• [Data extracts]
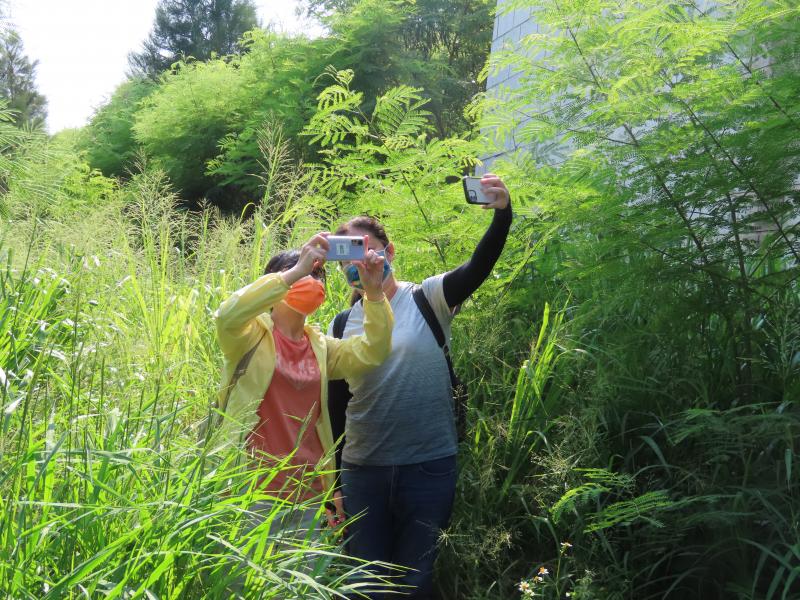 認真拍照、蒐集數位導覽素材。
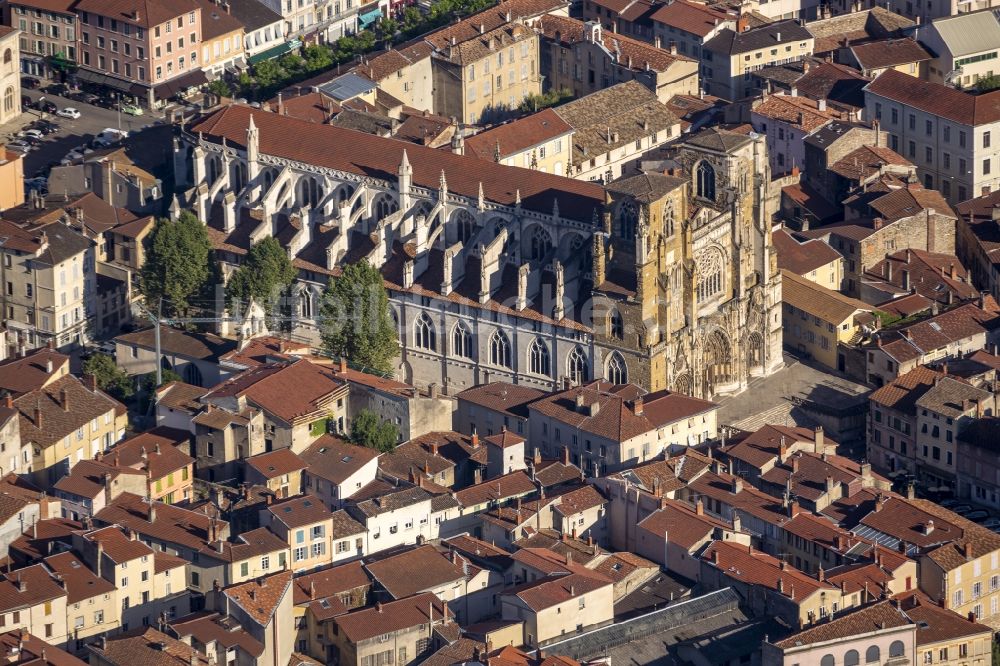 Luftbild Vienne - Sakralbau - Kirchengebäude der Kathedrale St-Maurice im Stadtzentrum in Vienne in Frankreich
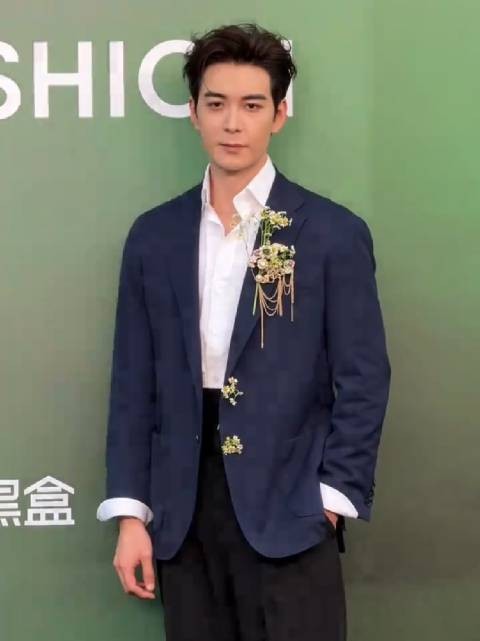 被陈星旭颜值硬控了好久!陈星旭好帅啊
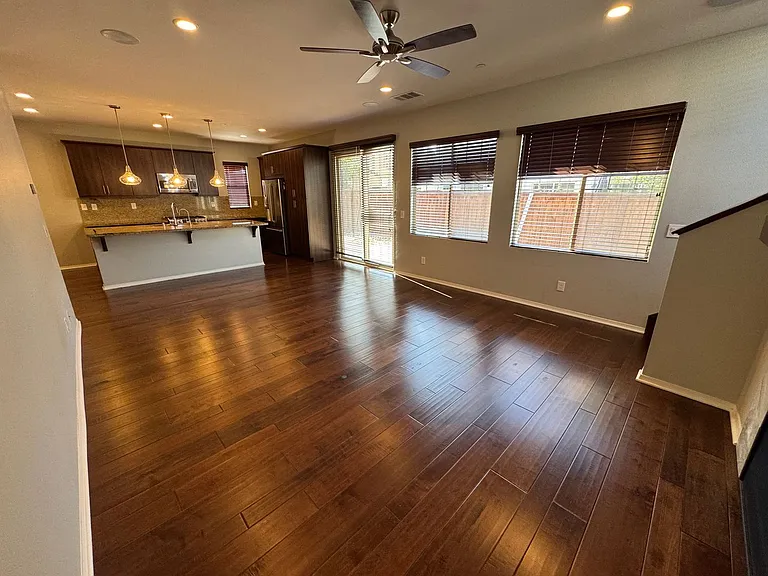 345 Dahlia Way — Photo 5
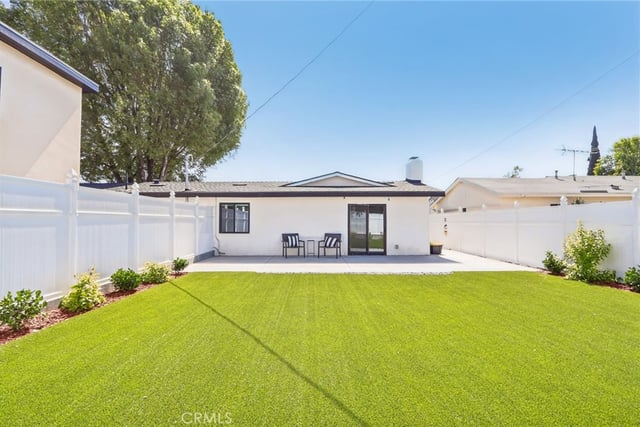 22241 Wyandotte, Canoga Park, CA 91303 — photo 18 of 44
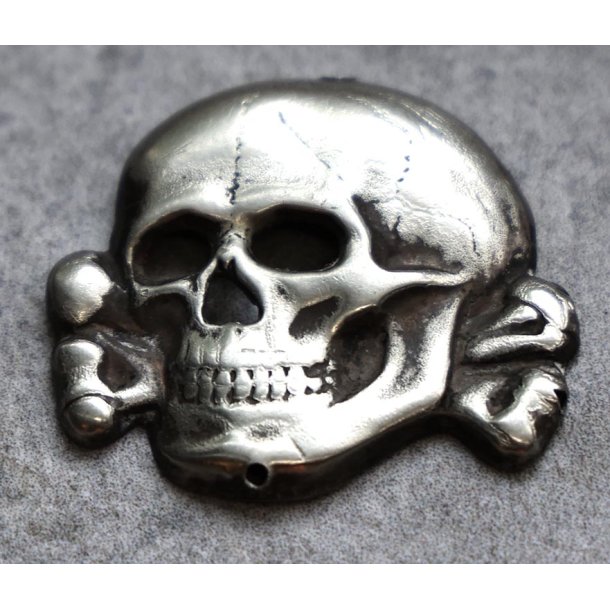 German WW2 Waffen-SS visor cap skull/totenkopf 'RZM 52'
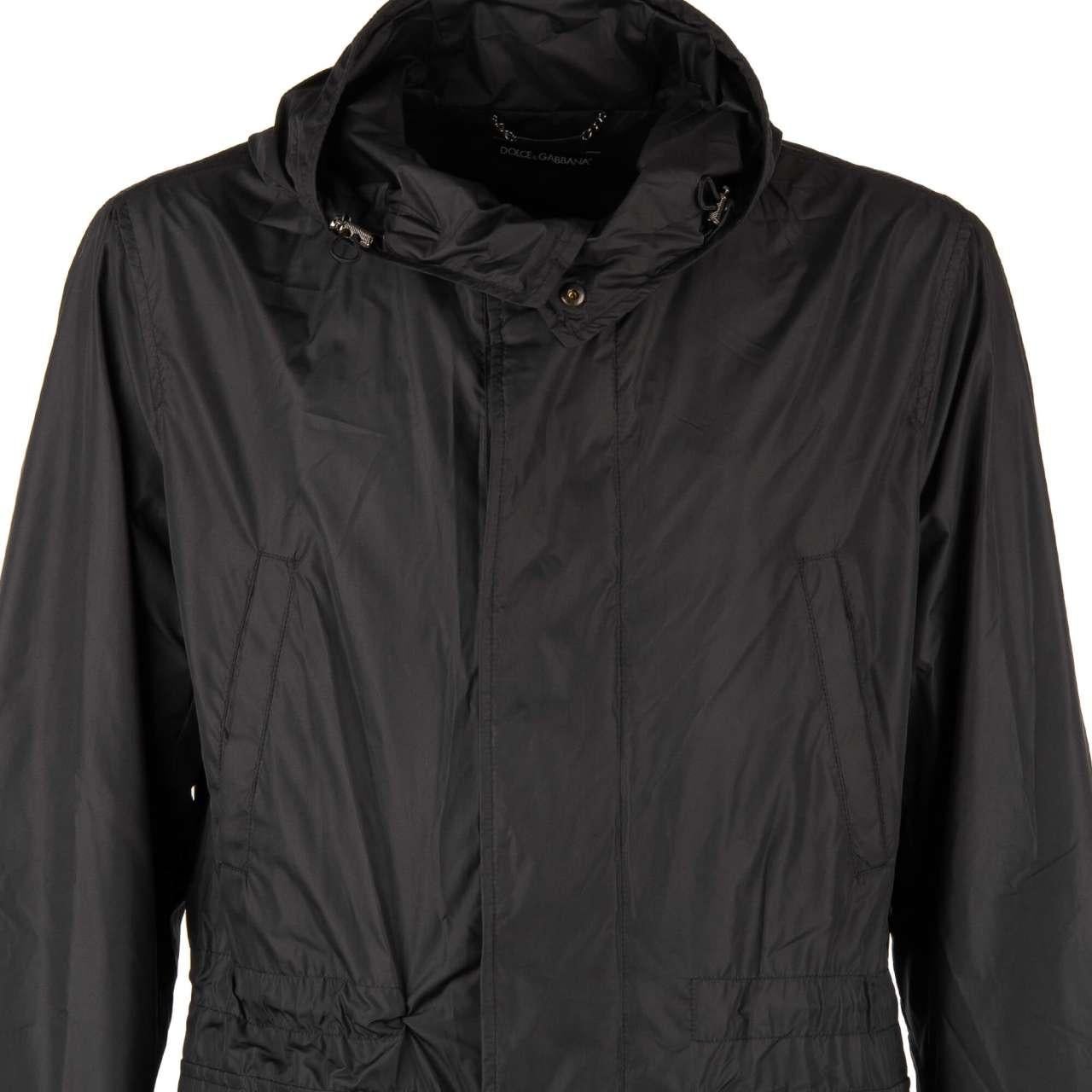 Men's Dolce & Gabbana Light Hooded Rain Parka Jacket with Pockets and Logo Black 48 For Sale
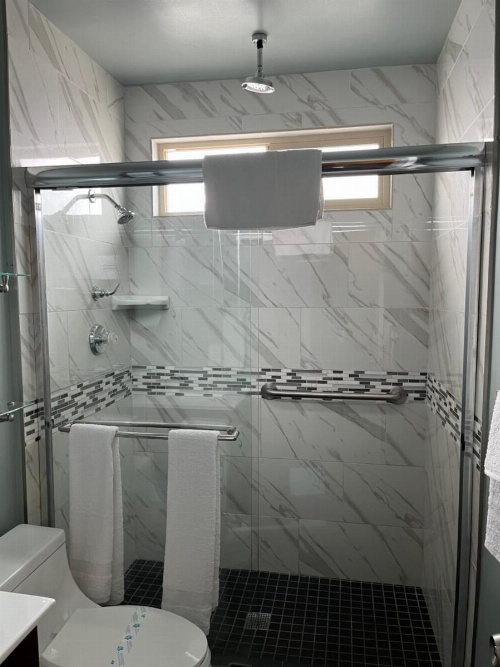 777 Motor Inn image 25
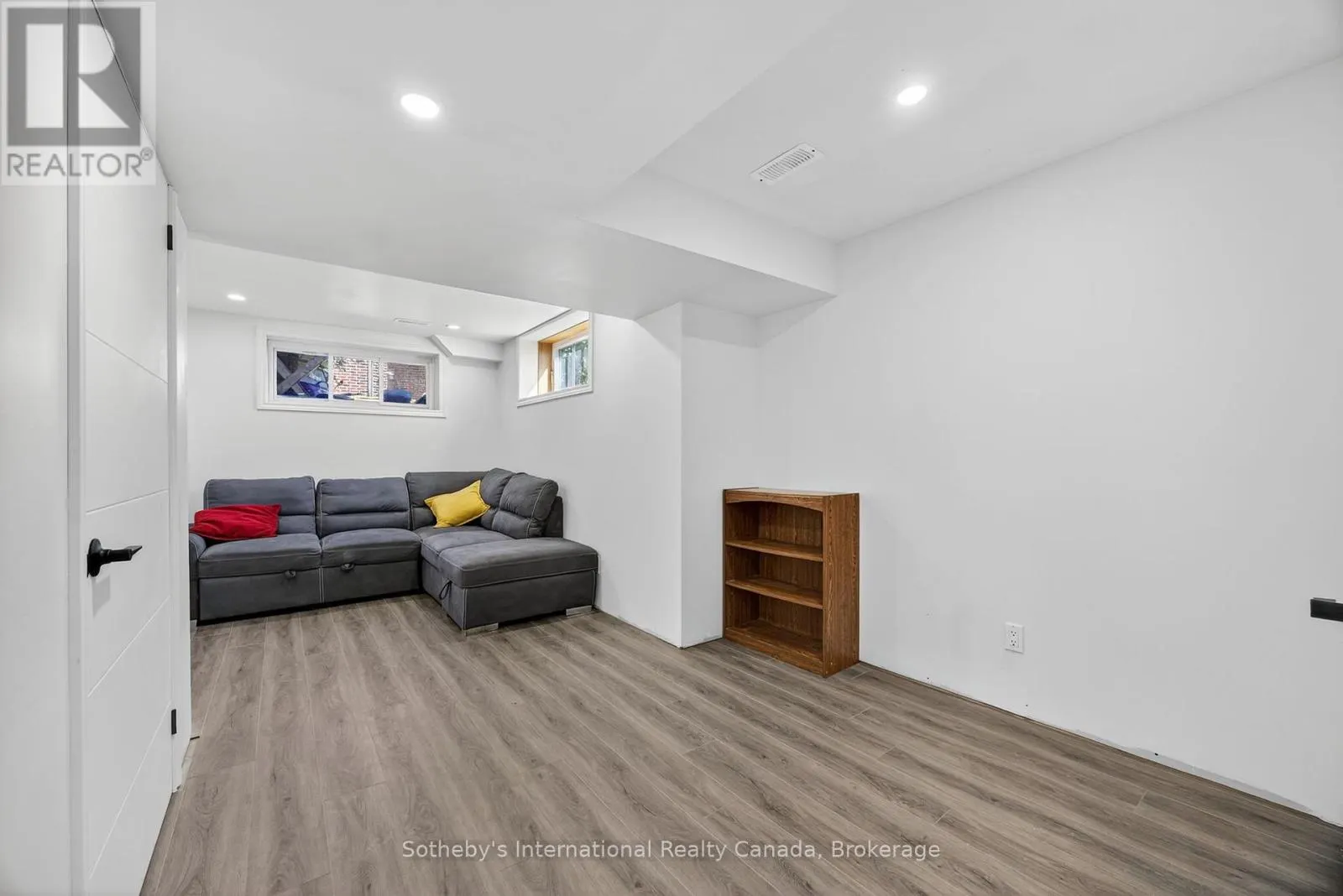 100 ARCHER AVENUE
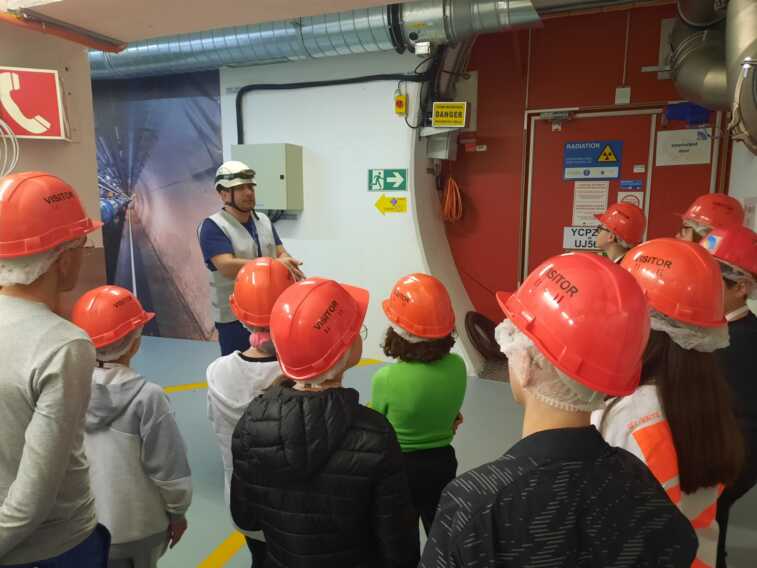 Viaggio nella fisica per gli studenti di Trani: 43 alunni delle elementari in visita al Cern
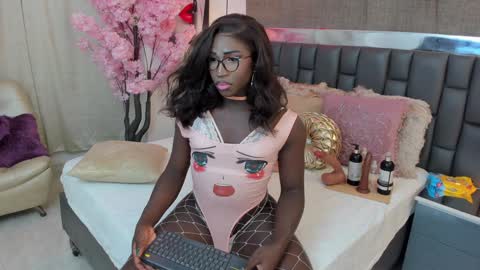 Iseey online show from 01.05.25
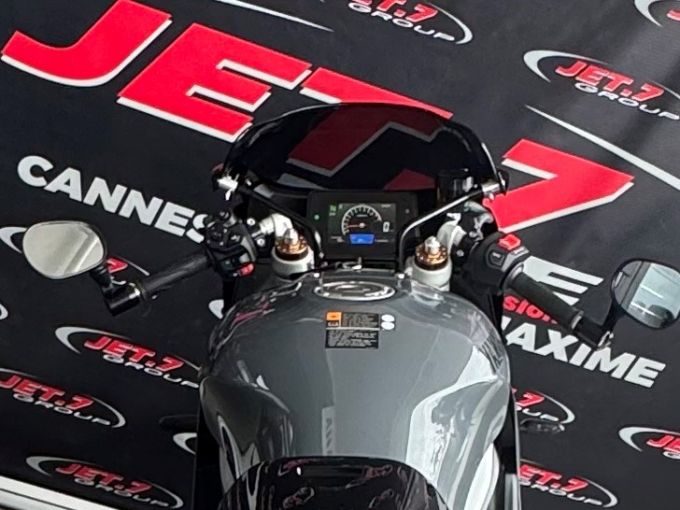 YAMAHA XSR 900 ABS 4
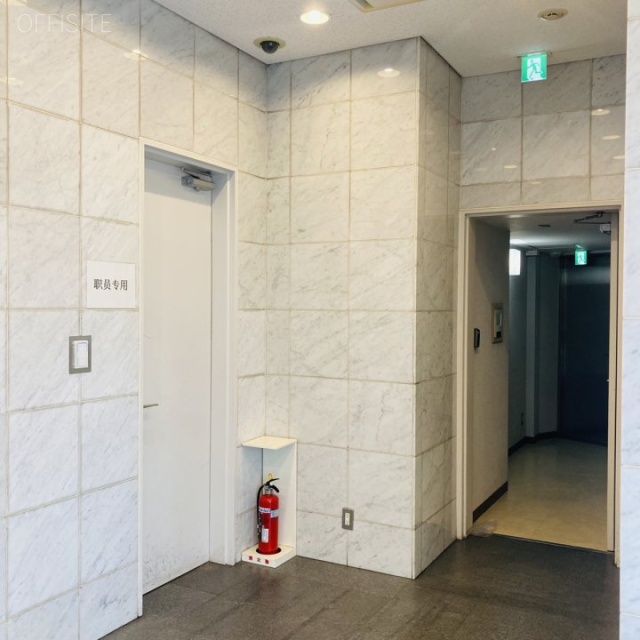 藤久ビル別館 エントランス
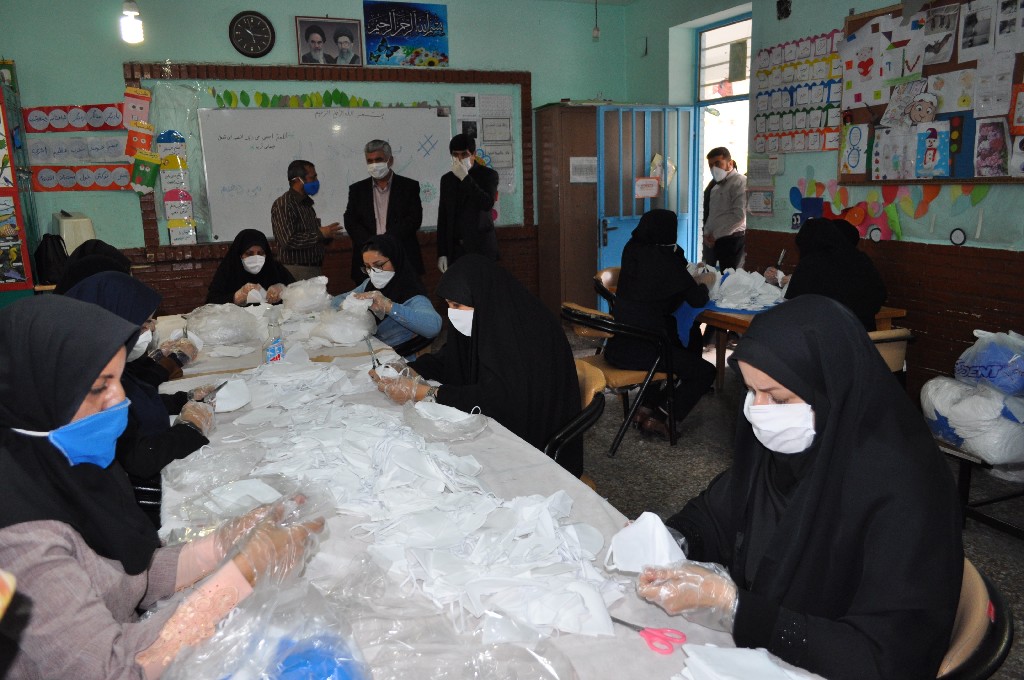 بازدید دکتر علیرضا ورناصری از کارگاه تولید ماسک قرارگاه امیرالمومنین(ع)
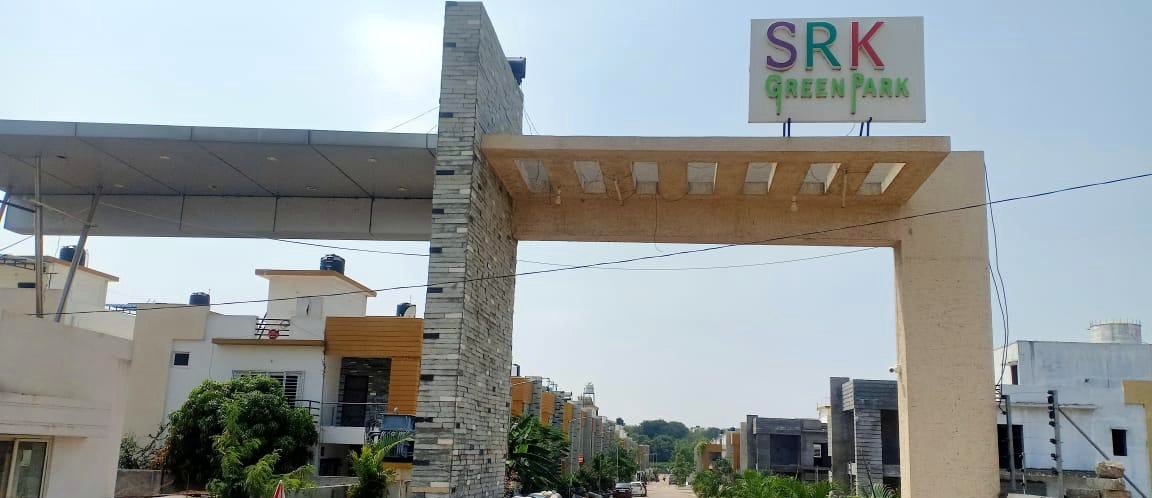 Entrance gate of SRK Green Park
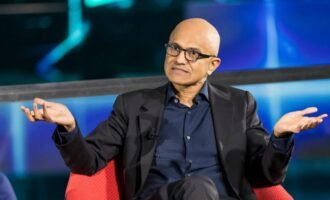 ساتیا نادلا و OpenAI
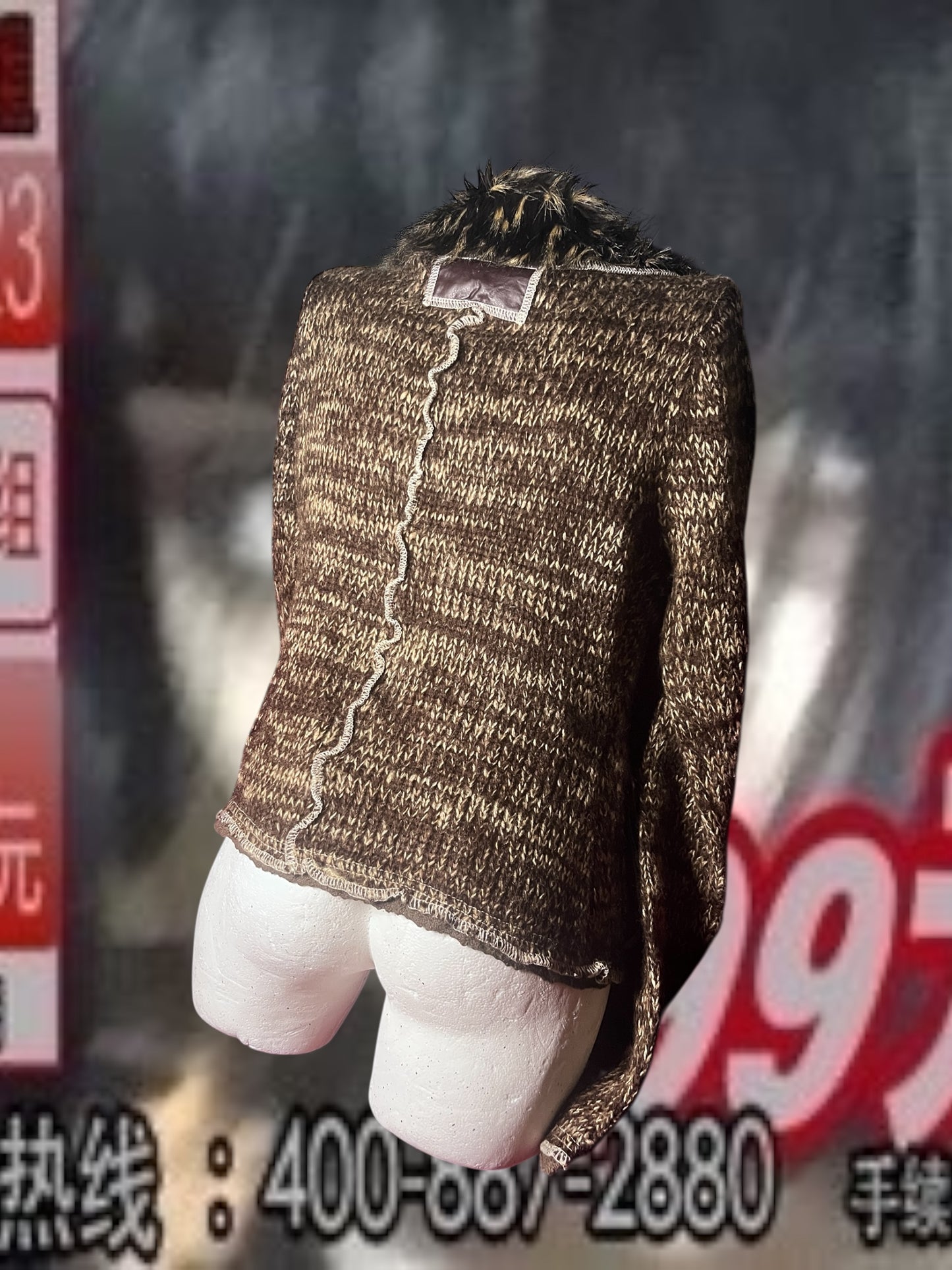 The 00s It-Girl Who Smoked Outside the Club
#10632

• [Exercise instructions] Transcribe the listing in full. Omit the pictures and keep every line exact.

• [Answer to this task]
 認真拍照、蒐集數位導覽素材。
 Luftbild Vienne - Sakralbau - Kirchengebäude der Kathedrale St-Maurice im Stadtzentrum in Vienne in Frankreich
 被陈星旭颜值硬控了好久!陈星旭好帅啊
 345 Dahlia Way — Photo 5
 22241 Wyandotte, Canoga Park, CA 91303 — photo 18 of 44
 German WW2 Waffen-SS visor cap skull/totenkopf 'RZM 52'
 Men's Dolce & Gabbana Light Hooded Rain Parka Jacket with Pockets and Logo Black 48 For Sale
 777 Motor Inn image 25
 100 ARCHER AVENUE
 Viaggio nella fisica per gli studenti di Trani: 43 alunni delle elementari in visita al Cern
 Iseey online show from 01.05.25
 YAMAHA XSR 900 ABS 4
 藤久ビル別館 エントランス
 بازدید دکتر علیرضا ورناصری از کارگاه تولید ماسک قرارگاه امیرالمومنین(ع)
 Entrance gate of SRK Green Park
 ساتیا نادلا و OpenAI
 The 00s It-Girl Who Smoked Outside the Club
#10632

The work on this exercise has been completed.